## Task requirements
Skip every picture and copy only the lines from the one containing "this 878×600 image." to the final line of the records below.

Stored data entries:

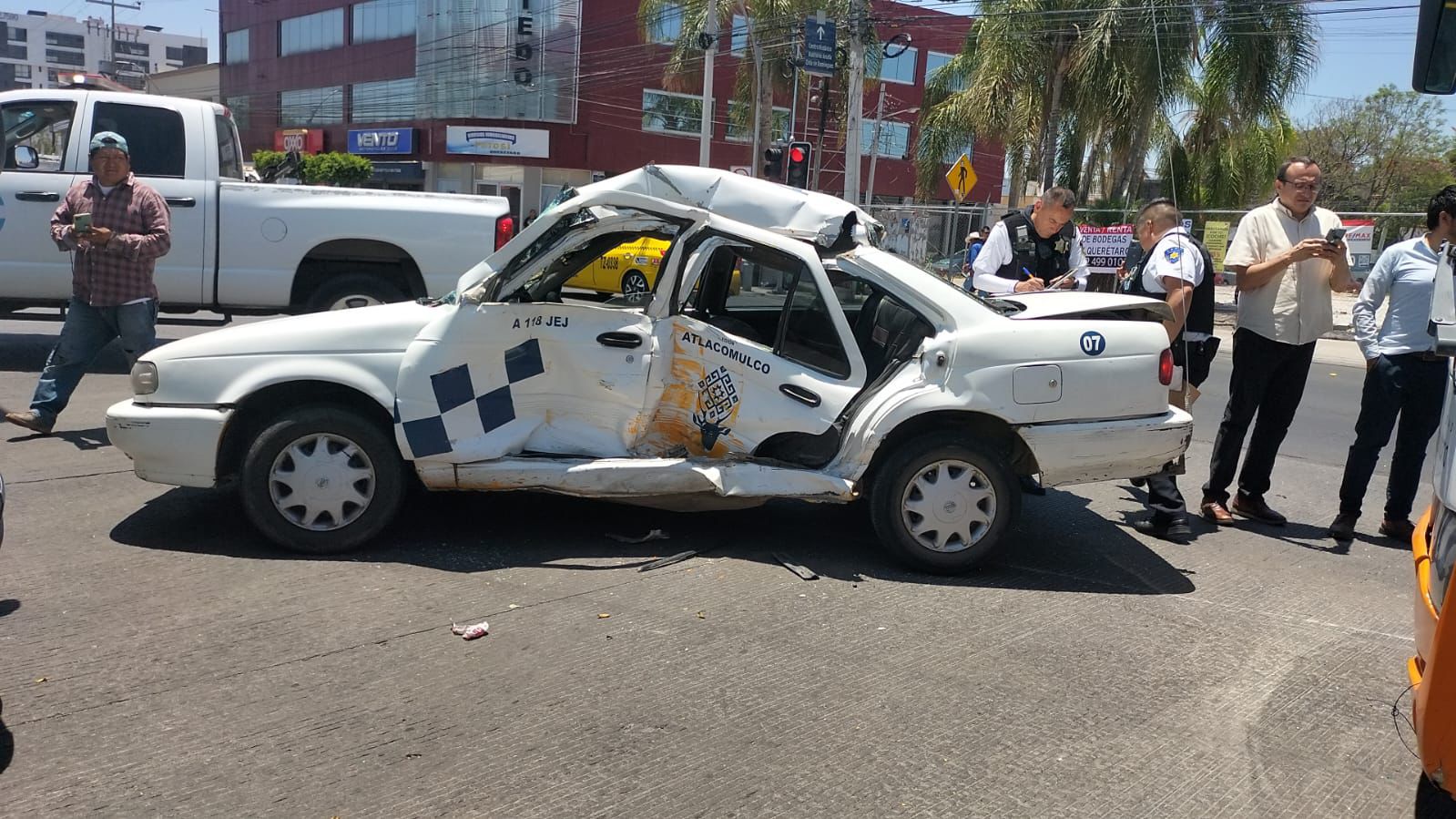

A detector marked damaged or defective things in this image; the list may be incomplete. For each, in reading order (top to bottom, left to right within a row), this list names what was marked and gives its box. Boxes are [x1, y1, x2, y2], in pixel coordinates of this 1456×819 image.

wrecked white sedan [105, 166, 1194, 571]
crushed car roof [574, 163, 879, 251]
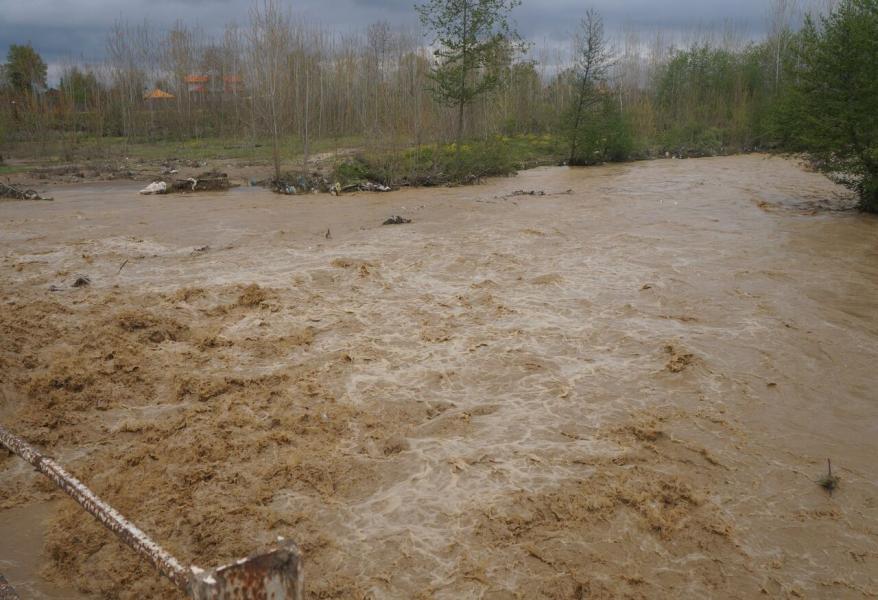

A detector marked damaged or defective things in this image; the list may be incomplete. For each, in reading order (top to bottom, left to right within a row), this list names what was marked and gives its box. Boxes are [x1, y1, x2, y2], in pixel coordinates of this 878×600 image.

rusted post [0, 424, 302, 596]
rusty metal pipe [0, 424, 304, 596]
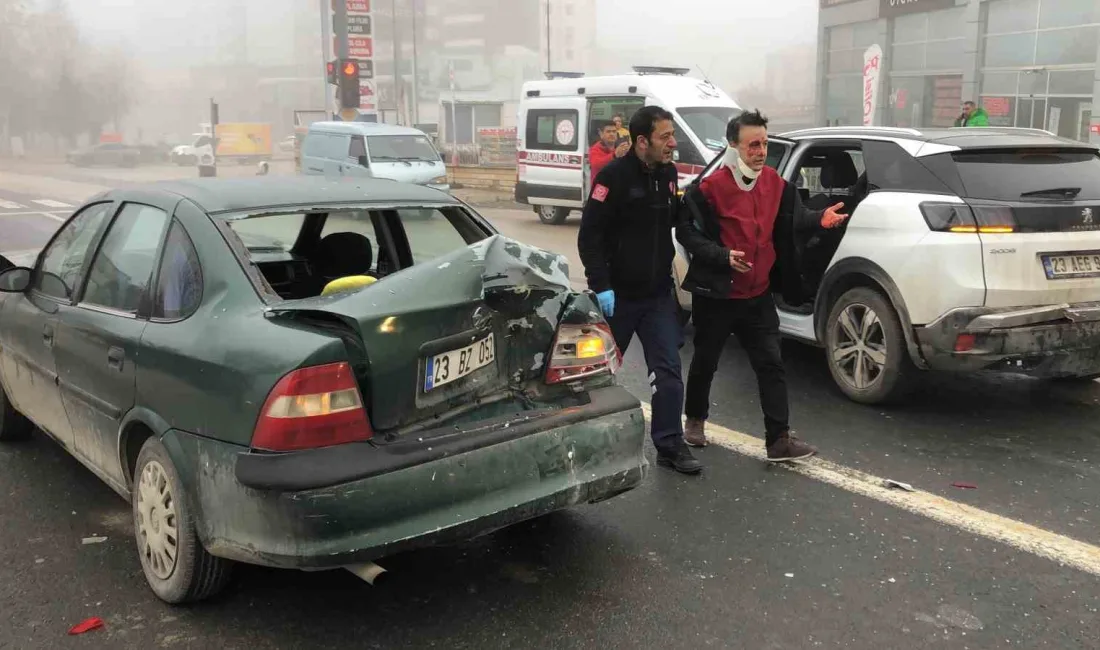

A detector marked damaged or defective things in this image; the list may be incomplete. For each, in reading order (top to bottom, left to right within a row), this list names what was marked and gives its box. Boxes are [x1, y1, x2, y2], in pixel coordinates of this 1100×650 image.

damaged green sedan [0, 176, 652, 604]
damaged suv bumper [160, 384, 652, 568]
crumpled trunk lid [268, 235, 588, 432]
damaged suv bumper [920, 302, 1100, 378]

## Exercise output
A detector marked damaged or defective things in this image; the list may be incomplete. For each, in reading order (top to bottom, left to right within a row), this list names what was marked and gives its box. Boxes are [x1, y1, x2, y2], in pixel coordinates of this 878×600 image.

rusted post [0, 424, 302, 596]
rusty metal pipe [0, 424, 304, 596]

A detector marked damaged or defective things in this image; the list may be incomplete. For each, in reading order (top to bottom, left to right within a row), this list names what was marked and gives its box. Boxes are [x1, y1, x2, y2], in pixel coordinates of this 1100×650 image.

damaged green sedan [0, 176, 652, 604]
damaged suv bumper [160, 384, 652, 568]
crumpled trunk lid [268, 235, 588, 432]
damaged suv bumper [920, 302, 1100, 378]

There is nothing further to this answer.